DSAIA invites you to share your walk stories (and lessons learned) with us so that we may collect these experiences to share with others.
Down Syndrome Consortium Holds Inaugural Meeting
Pictured here: Deanna Tharpe (DSAIA), Michael Harpold (DSRTF), Jon Colman (NDSS), David Tolleson (NDSC), Michelle Livingston (GDSF), Bob Schoen (Research DS)
The National Institute of Health has joined with organizations interested in Down syndrome to form a consortium that will foster the exchange of information on biomedical and biobehavioral research on the chromosonal condition.
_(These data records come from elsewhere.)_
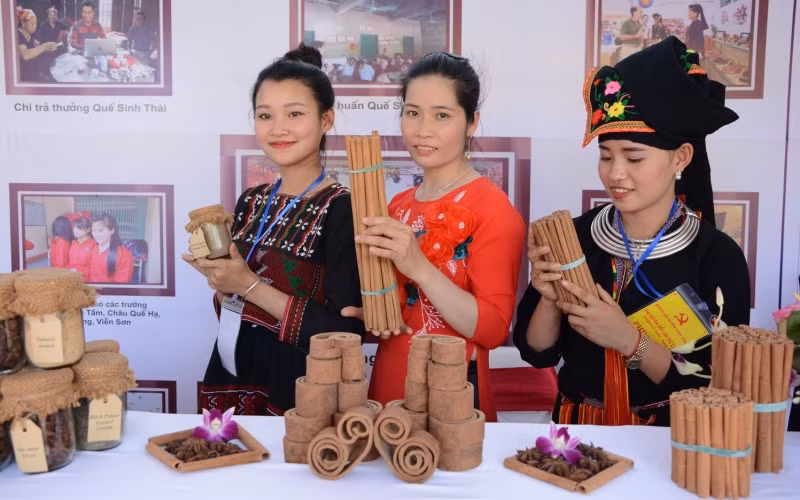Giới thiệu sản phẩm quế xuất khẩu.
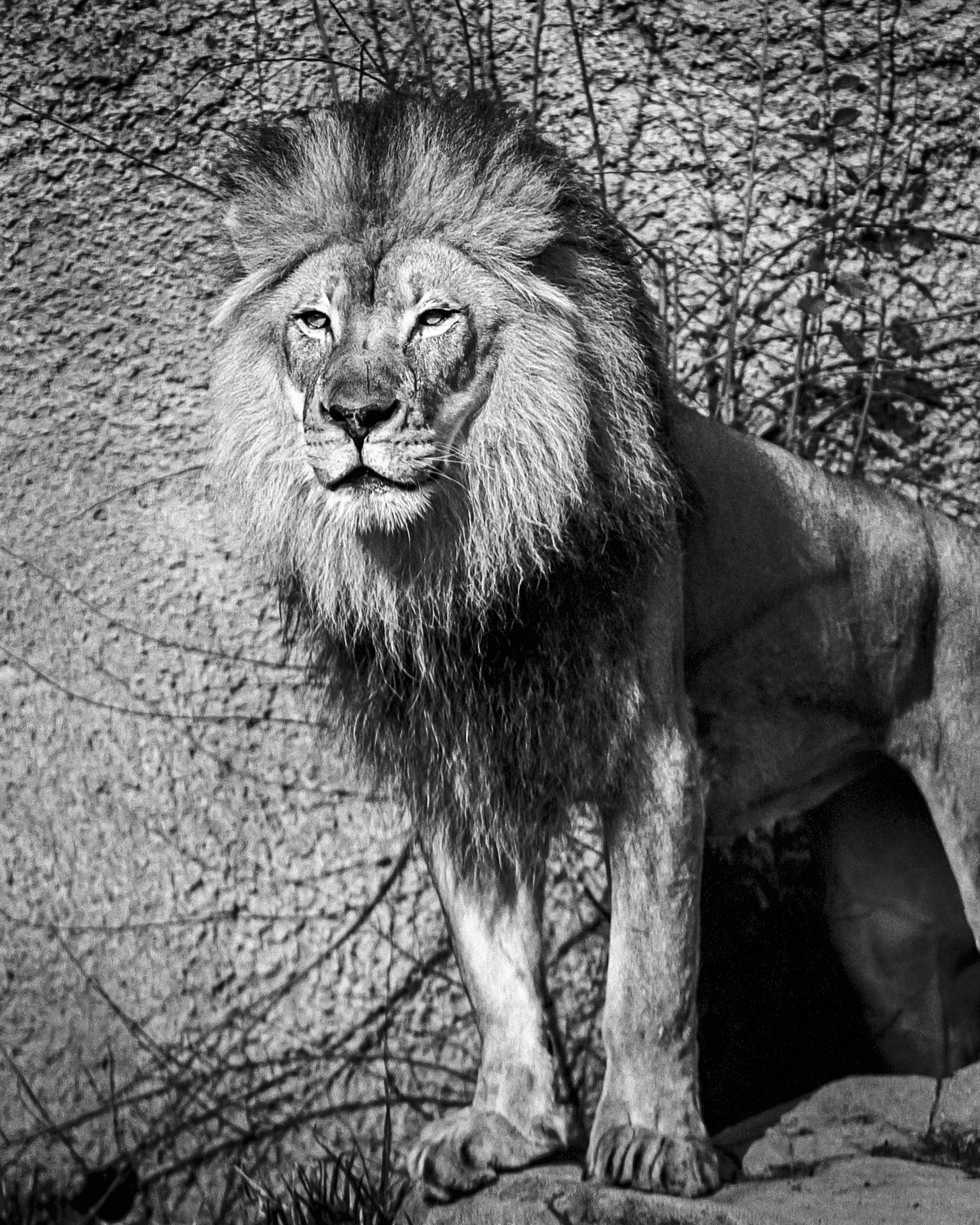 Caroline Niel - Photography - The King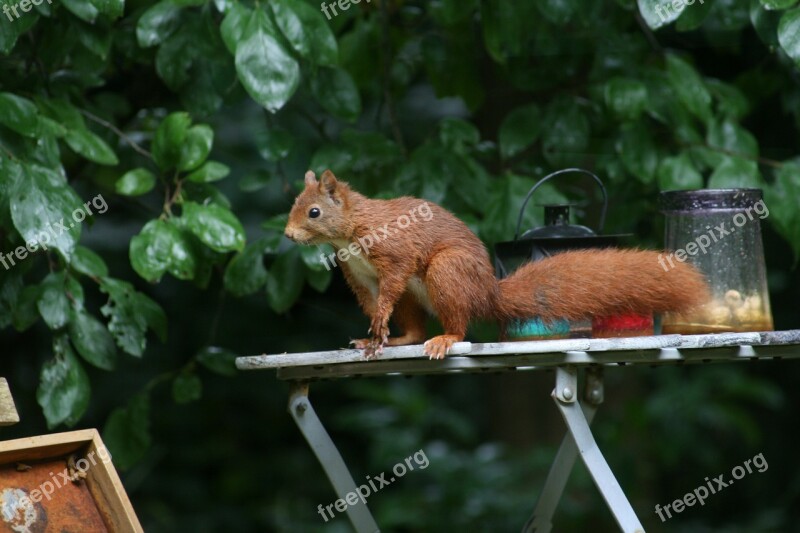 Squirrel Forest Nature Rodents Tree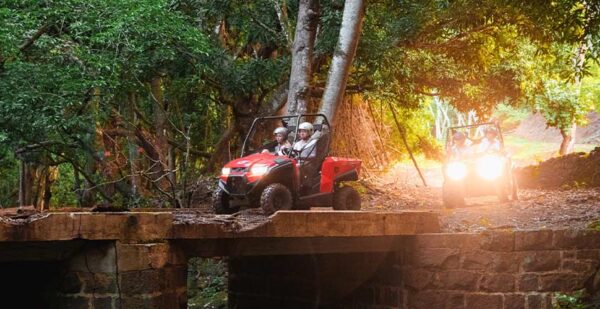 Quad or Buggy - Safari Sunset Tour | Bel Ombre Nature Reserve - Image 3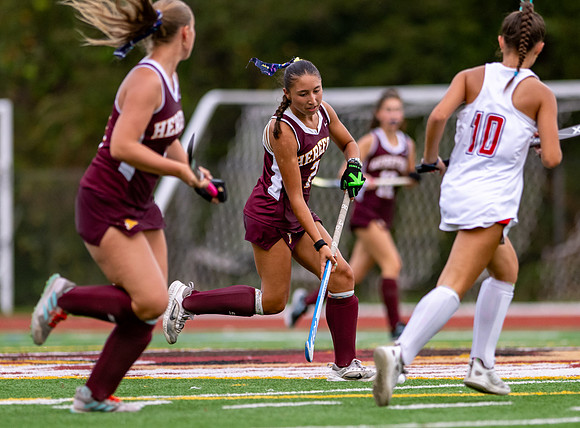 HerefordFH-00557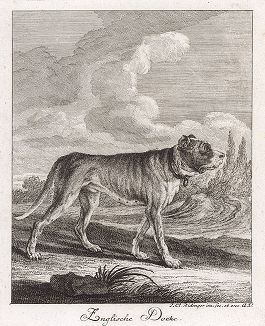 Английский дог. Гравюра Иоганна Элиаса Ридингера из Entwurff Einiger Thiere ..., Аугсбург, 1738. 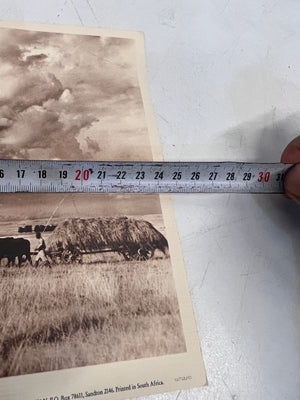 Cattle Grazing in Field Vintage Art Print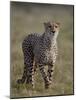 Cheetah (Acinonyx jubatus), Addo Elephant National Park, South Africa, Africa-James Hager-Mounted Photographic Print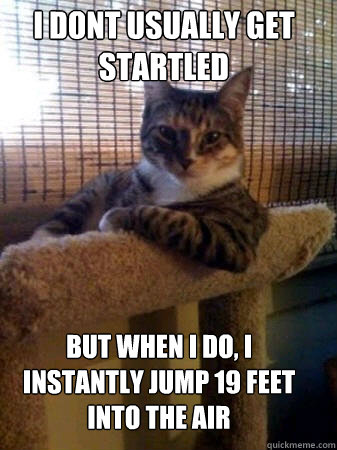 I dont usually get startled but when i do, i instantly jump 19 feet into the air  The Most Interesting Cat in the World
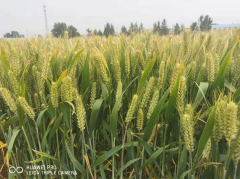 植保所首次两个抗病冬小麦新品种通过第四届国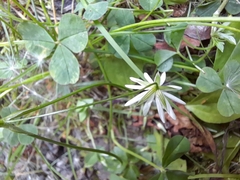 Stellaria graminea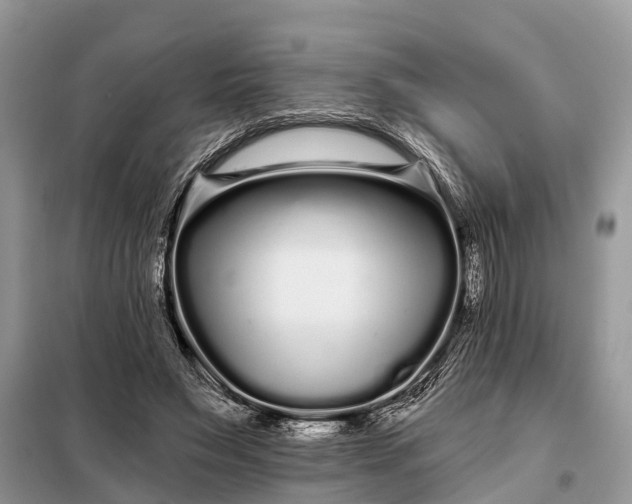 X0000097970495200804071102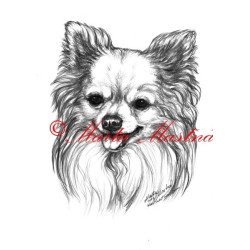 Autorský tisk čivava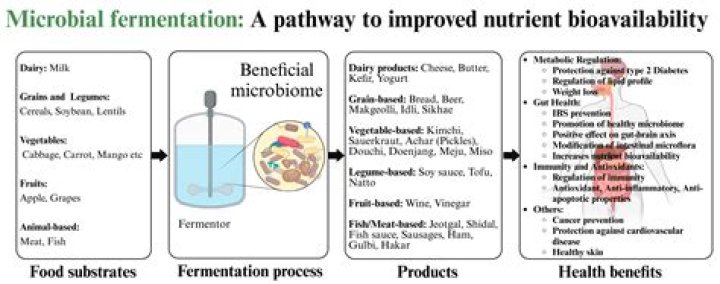 How does biotransformation occur?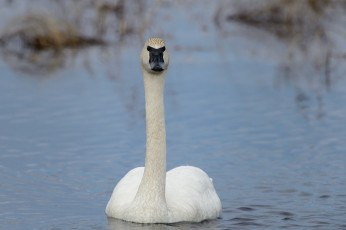 Картинка животные лебеди шея белый
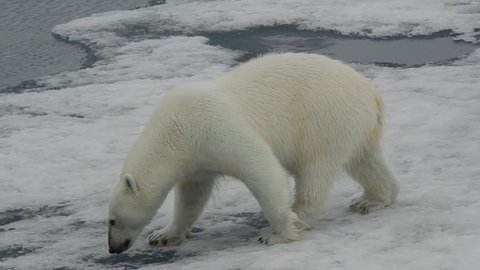 A polar bear sniffs the air and the ice, very close to camera, and withdraw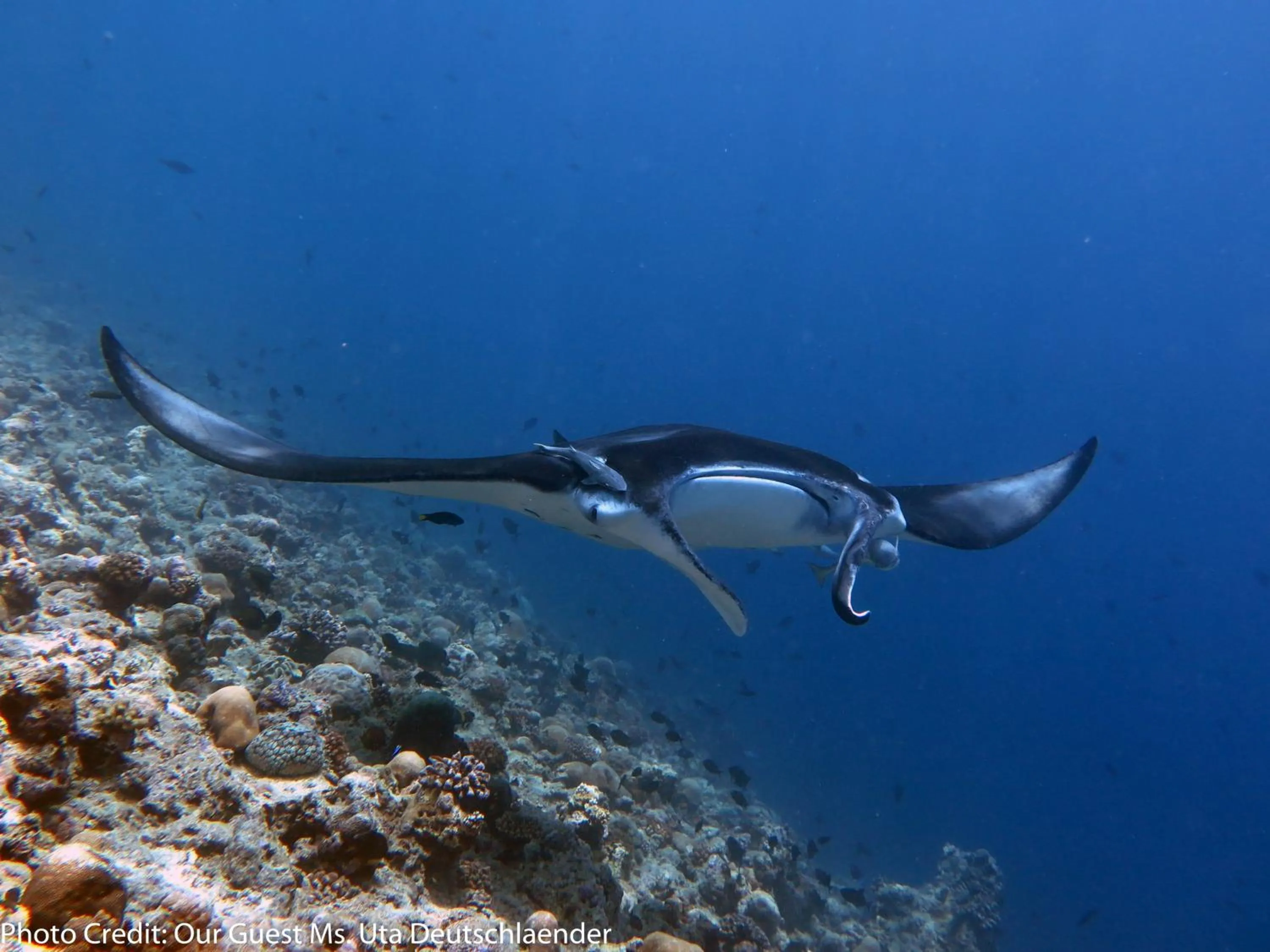 Snorkeling in Boutique Beach All Inclusive Diving Hotel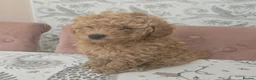 Poochon dogs for sale:  Gorgeous poochon boy puppy - Advert 1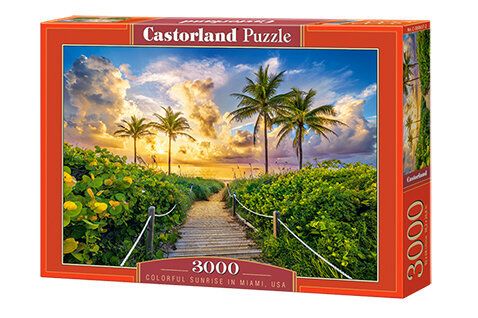 Castorland puzle Colorful Sunrise in Miami,USA 3000 det. cena un informācija | Puzles, 3D puzles | 220.lv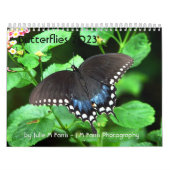 Calendrier papillon 2023 (Protection)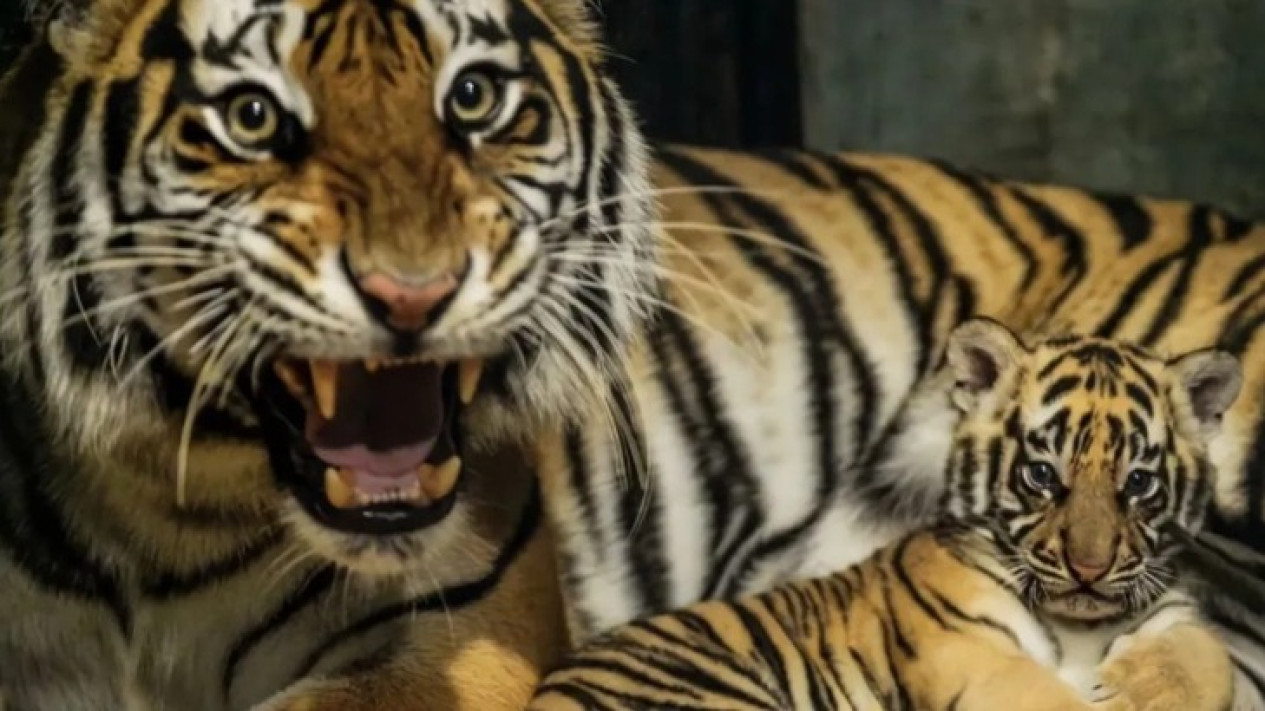 "Hara" Anak Harimau Benggala Berusia 8 Bulan Mati di Bandung Zoo
            - galeri foto
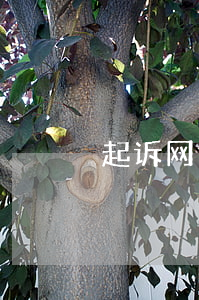 起诉网贷平台怎么写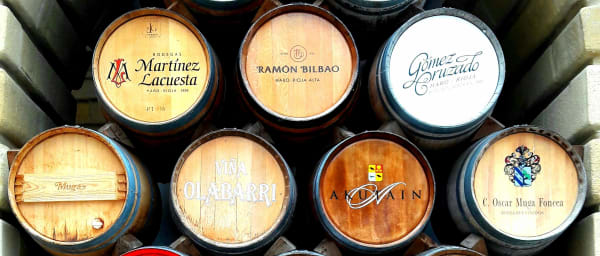 9-Hour Rioja Wine Tour with Cave Cellars and Marqués de Riscal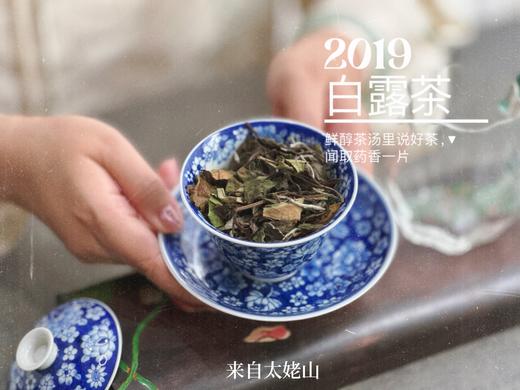 【4.5斤收藏装】5年陈的2019白露茶，又清、又稠、又鲜、又甜，又凉沁沁的 商品图1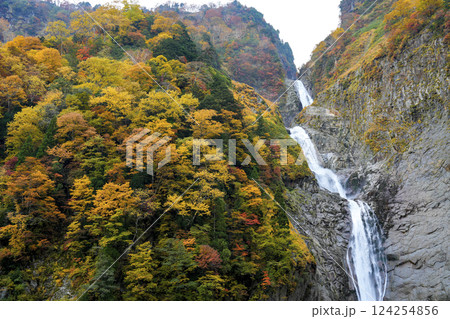 落差日本一。紅葉真っ盛りの称名滝 124254856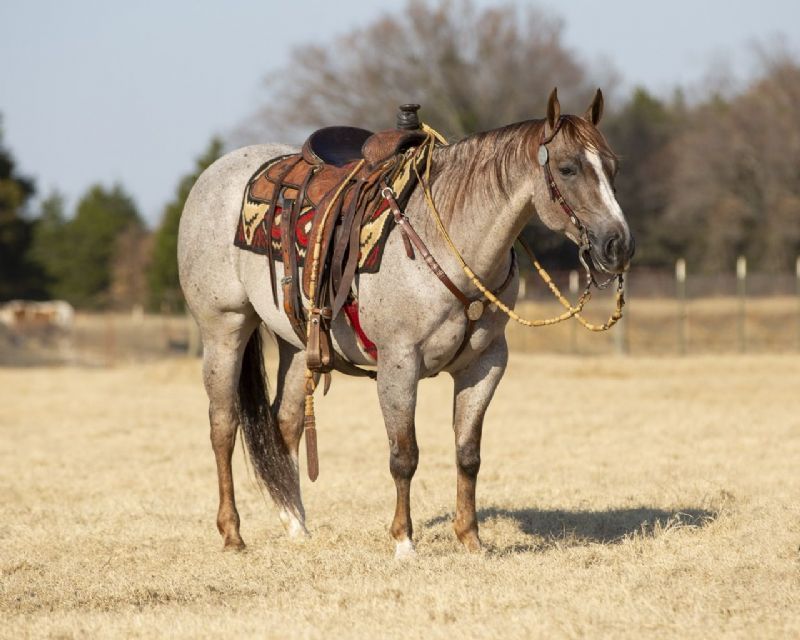 Boomer red roan Quarter Horse gelding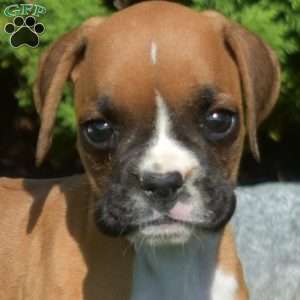 Rex, Boxer Puppy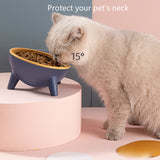 Cat, Dog, & Rabbit Food Bowl with Stand Modern Nordic Design Elevated Pet Feeder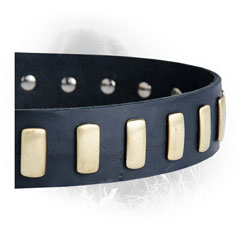 Brass Plates on Newfoundland Dog Leather Collar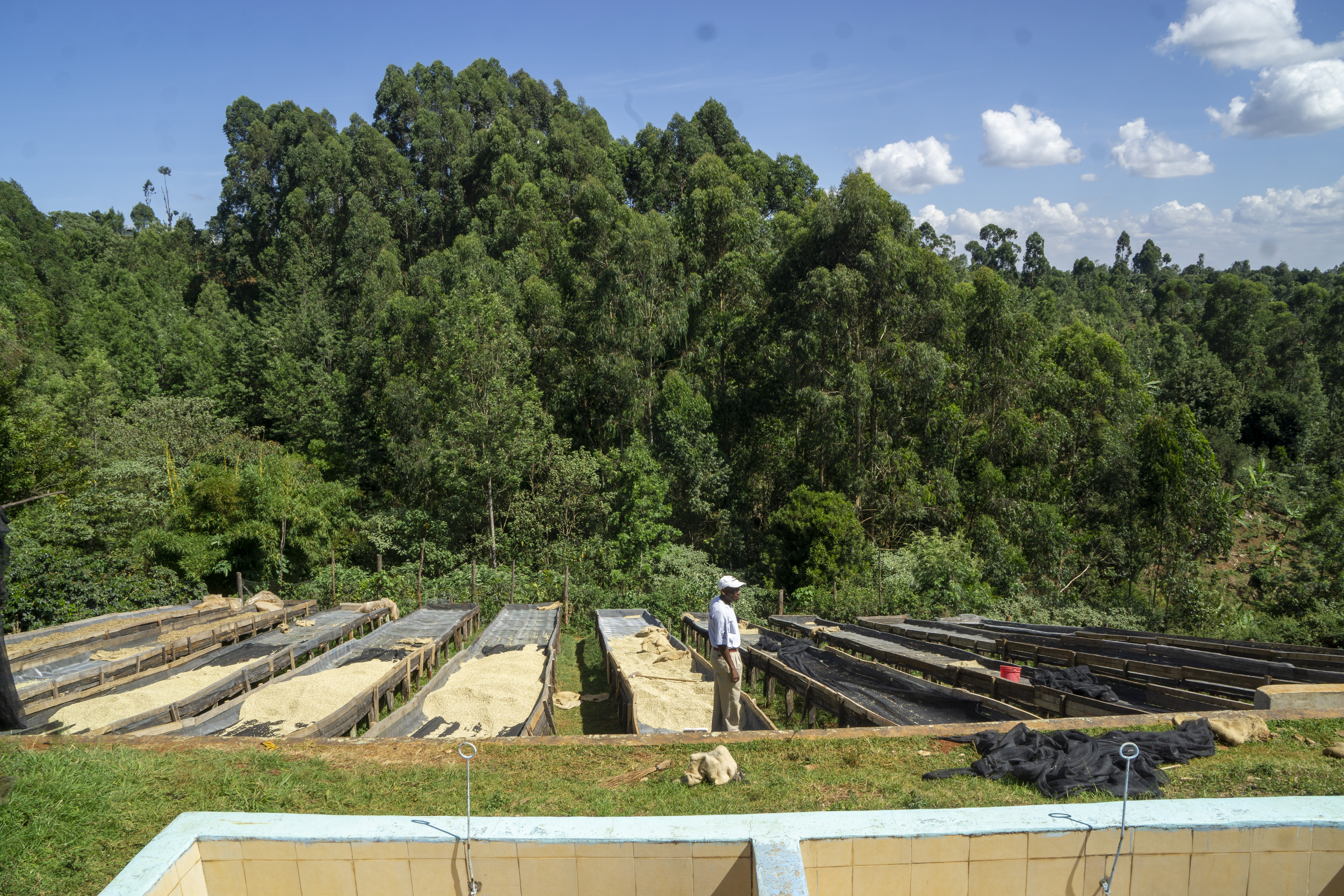 Drying tables at Kiangoi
The inaugural meeting of this group was held on the NIH campus on September 29 with members of the NIH Down Syndrome Working Group and representatives from prominent Down syndrome and pediatric organizations.
"The idea is to have an open channel of communication
between the NIH and those organizations intimately involved with Down syndrome," said Yvonne T. Maddox, deputy director of the NIH's Eunice Kennedy Shriver National Institute of Child Health and Human Development, the agency that will chair the new consortium. "The consortium will allow NIH to inform the Down syndrome community of advances in the field, ongoing studies, and potential avenues for future research. In turn, those who work in Down syndrome research and patient care can share their experiences and ideas for potential research opportunities with NIH."
A focus of the consortium will be the implementation of the NIH Down syndrome research plan. The consortium will meet two to three times a year.
Is Your Group Ready to Celebrate?
Down Syndrome Awareness Month is here! As your organization begins to celebrate, are you still searching for new, exciting (additional and easy) ways to promote awareness of Down syndrome in your community? DSAIA invites you to watch the DS Awareness Day/Month Ideas webinar which is located in the DSAIA Repository. The webinar (recorded last year) features Janet Gora of DSA of Greater Cincinnati and Mark Leach of Down Syndrome Louisville and explores 21 low-cost and 21 no-cost ideas for promoting awareness locally.
In addition to the webinar, DSAIA members will also find a number of items in the Repository under Awareness Materials. Visit the Events/Fundraising section to find both templates and ready-to-print materials. Be sure and send us your stories about your own awareness activities so that we can share your success (and great ideas) with others!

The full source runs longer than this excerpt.